## Try it
Retype, without changes, every line from the line that contains "Yellow school bus" through the final line of the records. Exclude pictures.

## Listed entries
- - - -
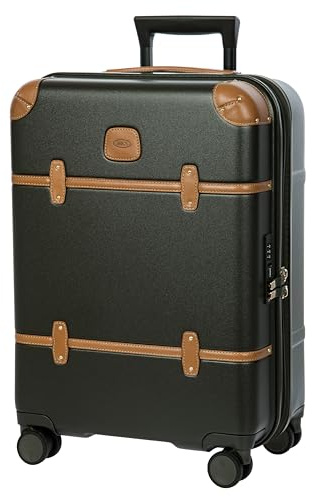 Bric's Bellagio 3.0 Spinner Trunk - Luxuriöses Hartschalengepäck mit großen Rädern, Teleskopgriff, Lederdetails, erweiterbarer Rollkoffer, 68,6 cm, Olivgrün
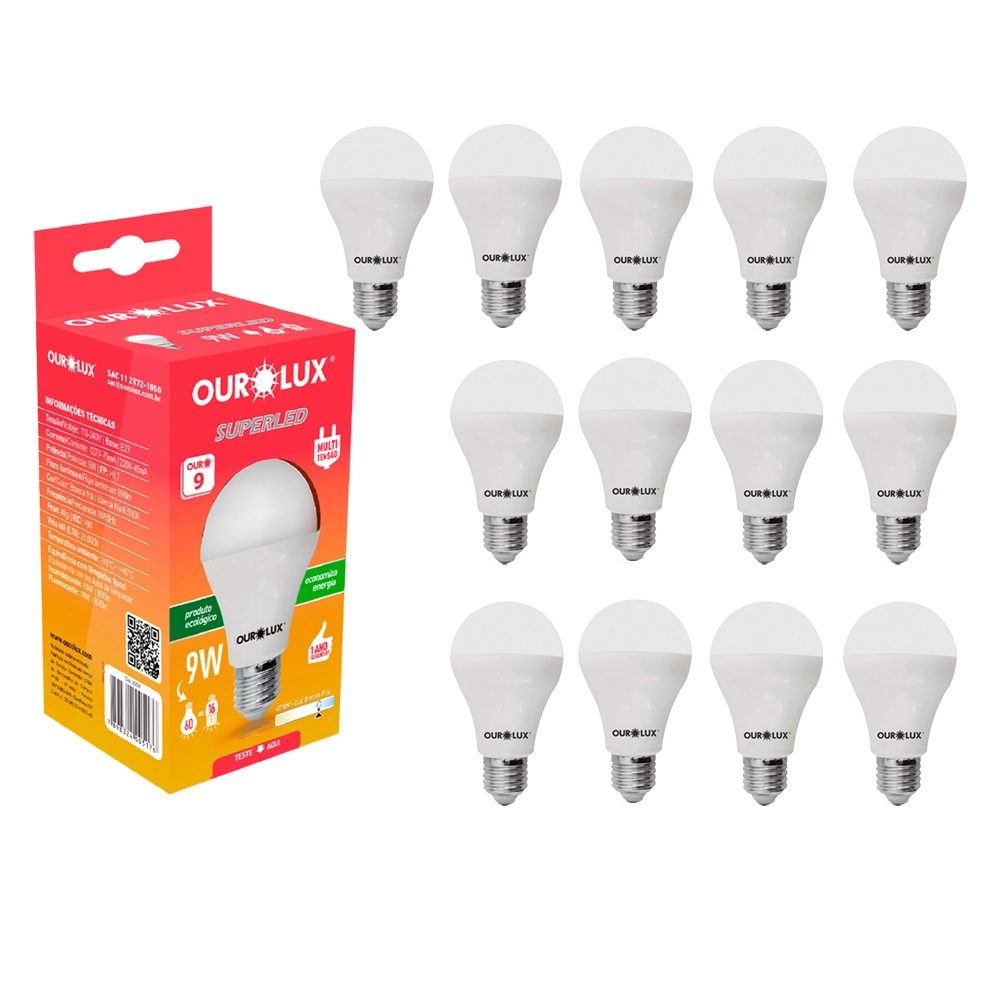 Kit 13 Lâmpada Led Bulbo 9w Branco Frio (6500k) - Ourolux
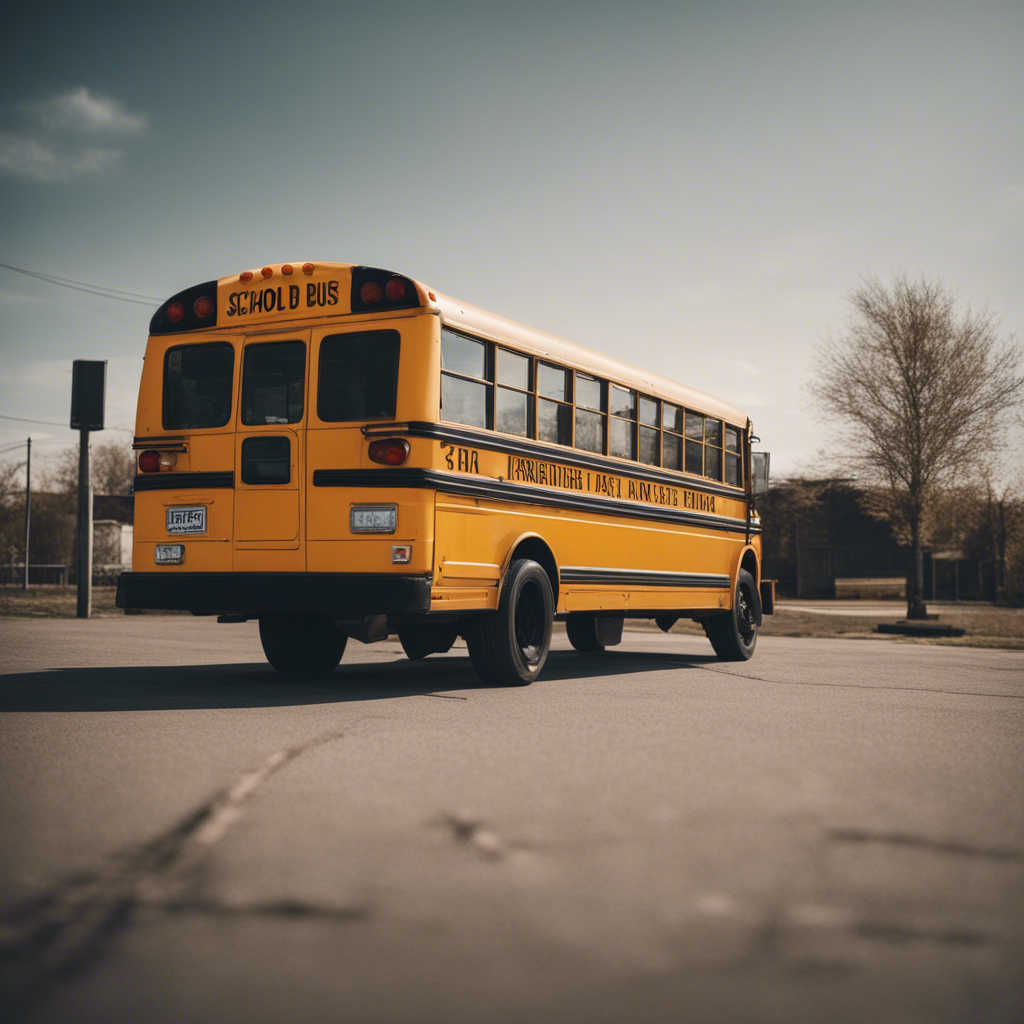 Yellow school bus parked on an empty asphalt lot under a clear sky, with trees and buildings visible in the background.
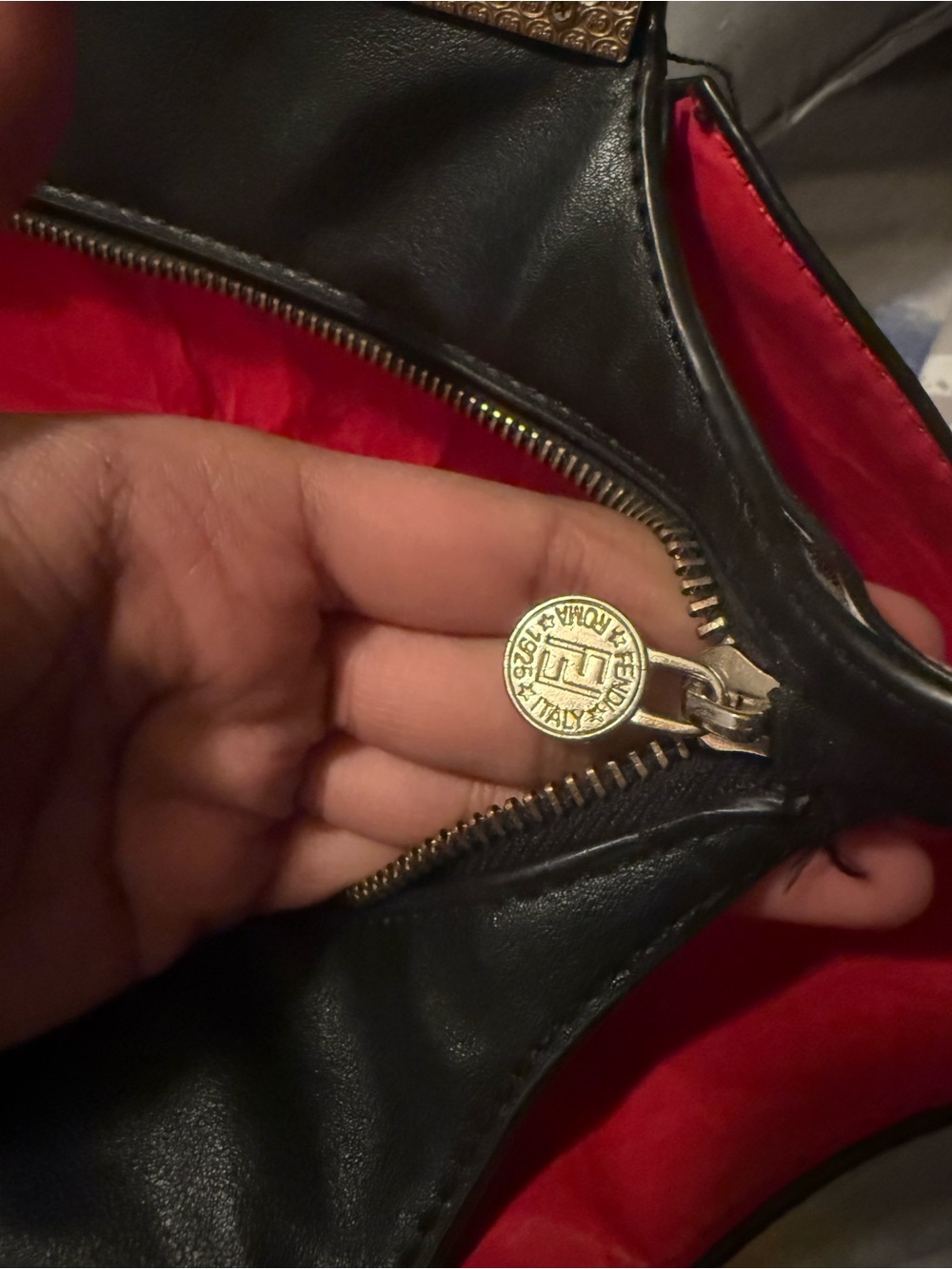 Fendi Black Leather Studded Tote with Gold Charm - Picture 7 of 11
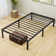 Lutherville 14'' Black Metal Platform Bed Frame With Steel Slat Support, No Box Spring Needed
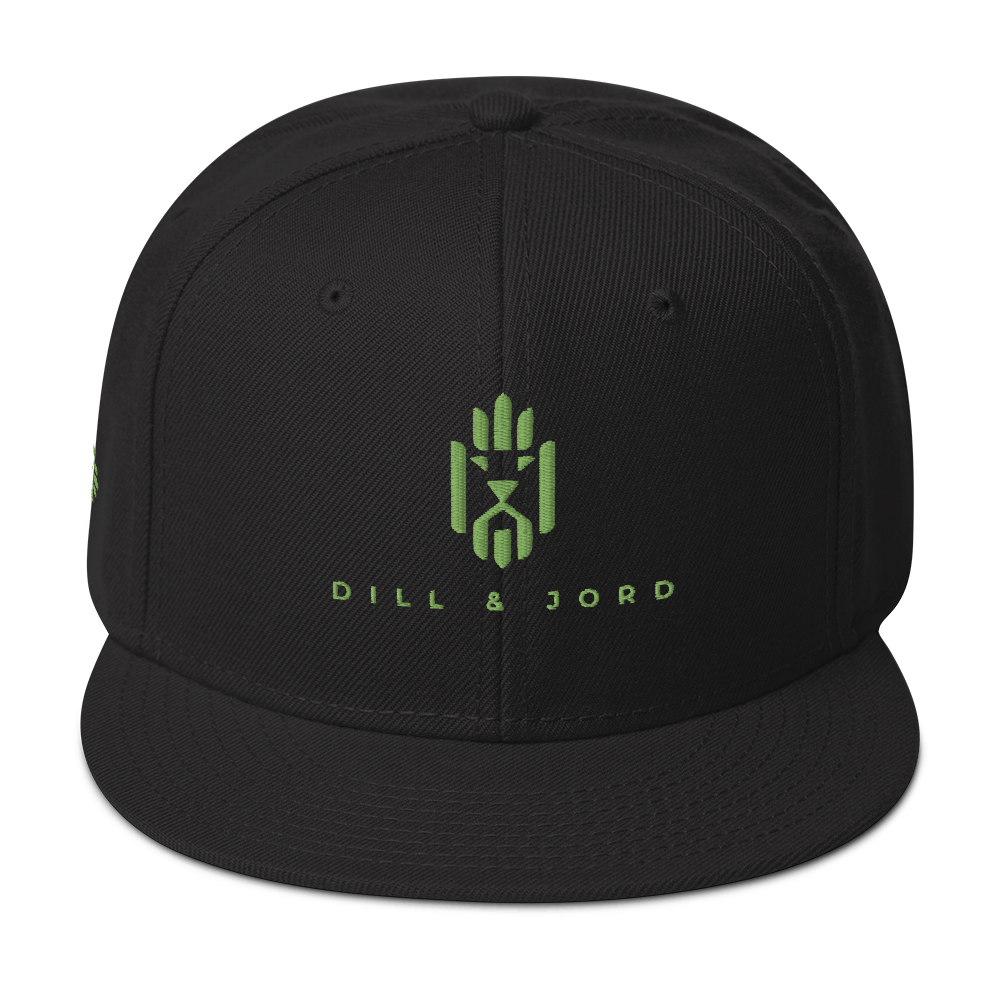 Black Dill and Jord Embroidered Snapback Hat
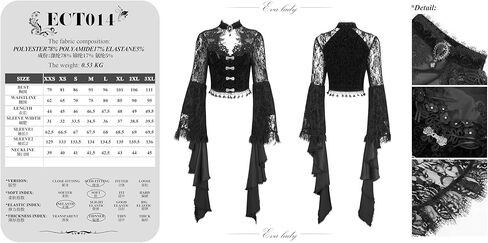 Women's Gothic Lace Long Sleeve Crop Top with Asymmetrical Hem Vintage Buttons - Perfect for Halloween in Saudi Arabia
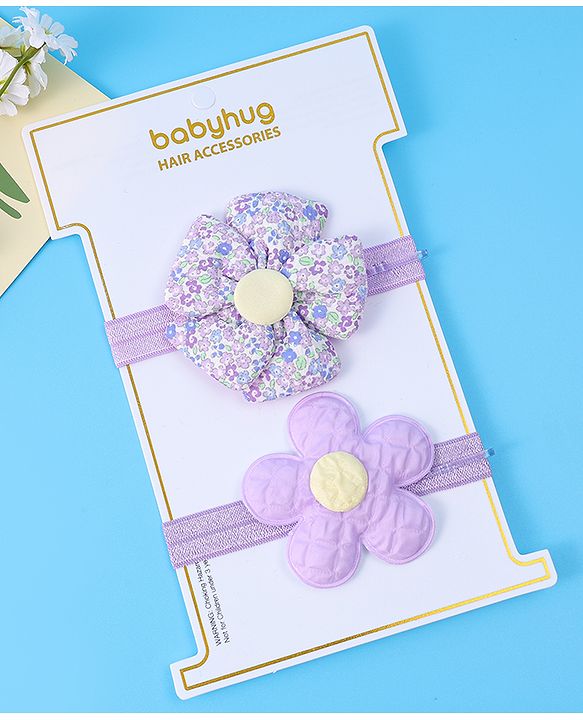 Babyhug Free Size Headbands With Floral Applique Pack of 2 - Purple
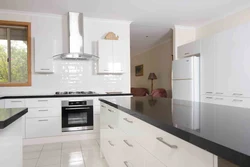 Countertop for white glossy kitchen photo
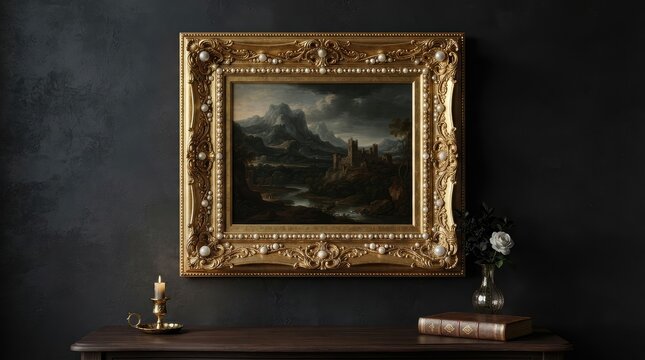 Framed landscape painting displayed on elegant dark wooden table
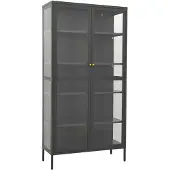 vidaXL Vitrinekast 90x40x180 cm staal en gehard glas antracietkleurig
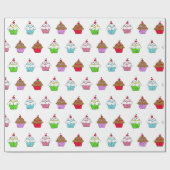 Farbiger Fantasie-Cupcake Geschenkpapier (Flach)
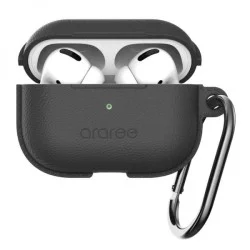 Araree Pops Laeather Texture Silicone Case For Apple Airpod Pro - Black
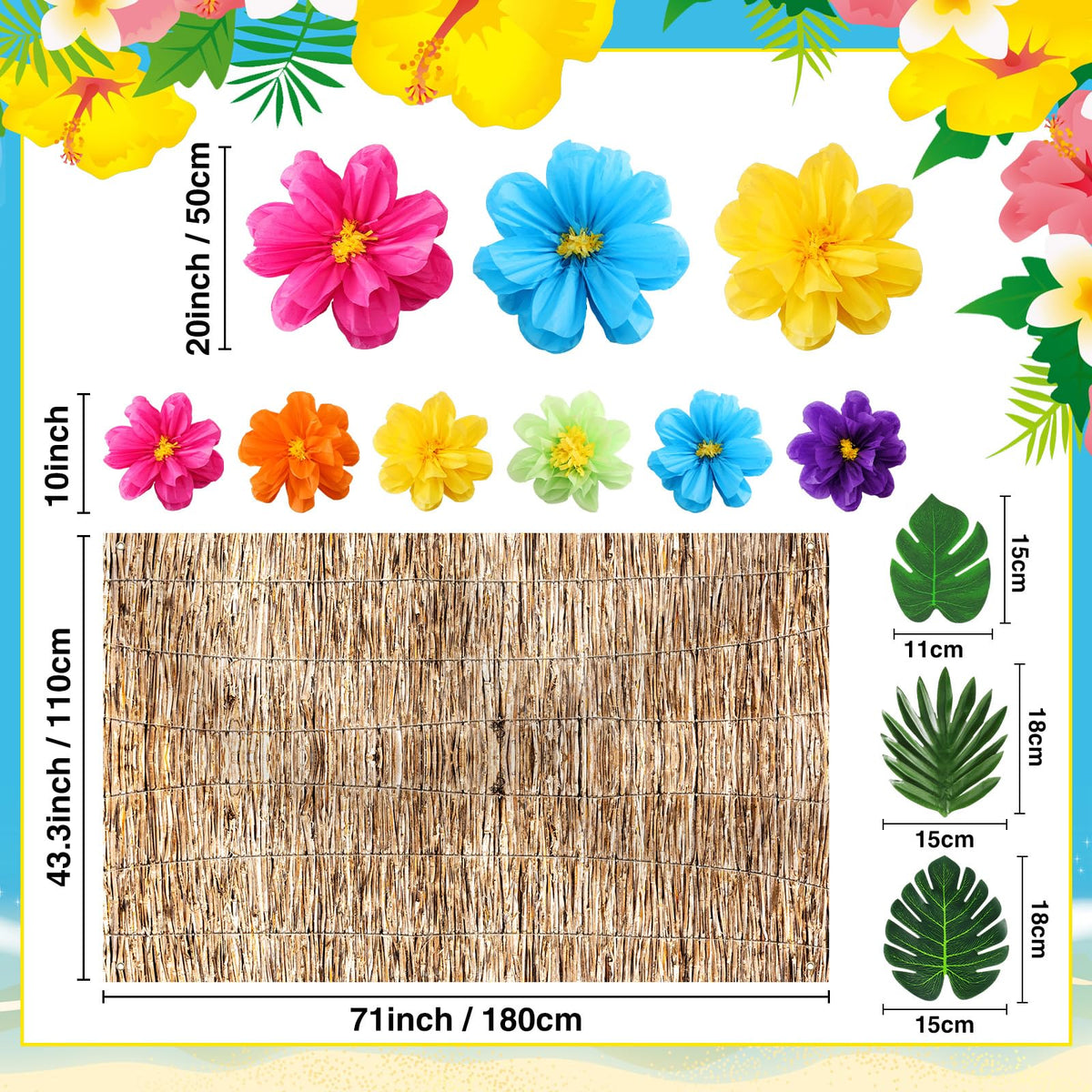 Canlierr large Hawaiian paper flowers add bold color to party decorations.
- - - -
## Result below
 Yellow school bus parked on an empty asphalt lot under a clear sky, with trees and buildings visible in the background.
 Fendi Black Leather Studded Tote with Gold Charm - Picture 7 of 11
 Lutherville 14'' Black Metal Platform Bed Frame With Steel Slat Support, No Box Spring Needed
 Black Dill and Jord Embroidered Snapback Hat
 Women's Gothic Lace Long Sleeve Crop Top with Asymmetrical Hem Vintage Buttons - Perfect for Halloween in Saudi Arabia
 Babyhug Free Size Headbands With Floral Applique Pack of 2 - Purple
 Countertop for white glossy kitchen photo
 Framed landscape painting displayed on elegant dark wooden table
 vidaXL Vitrinekast 90x40x180 cm staal en gehard glas antracietkleurig
 Farbiger Fantasie-Cupcake Geschenkpapier (Flach)
 Araree Pops Laeather Texture Silicone Case For Apple Airpod Pro - Black
 Canlierr large Hawaiian paper flowers add bold color to party decorations.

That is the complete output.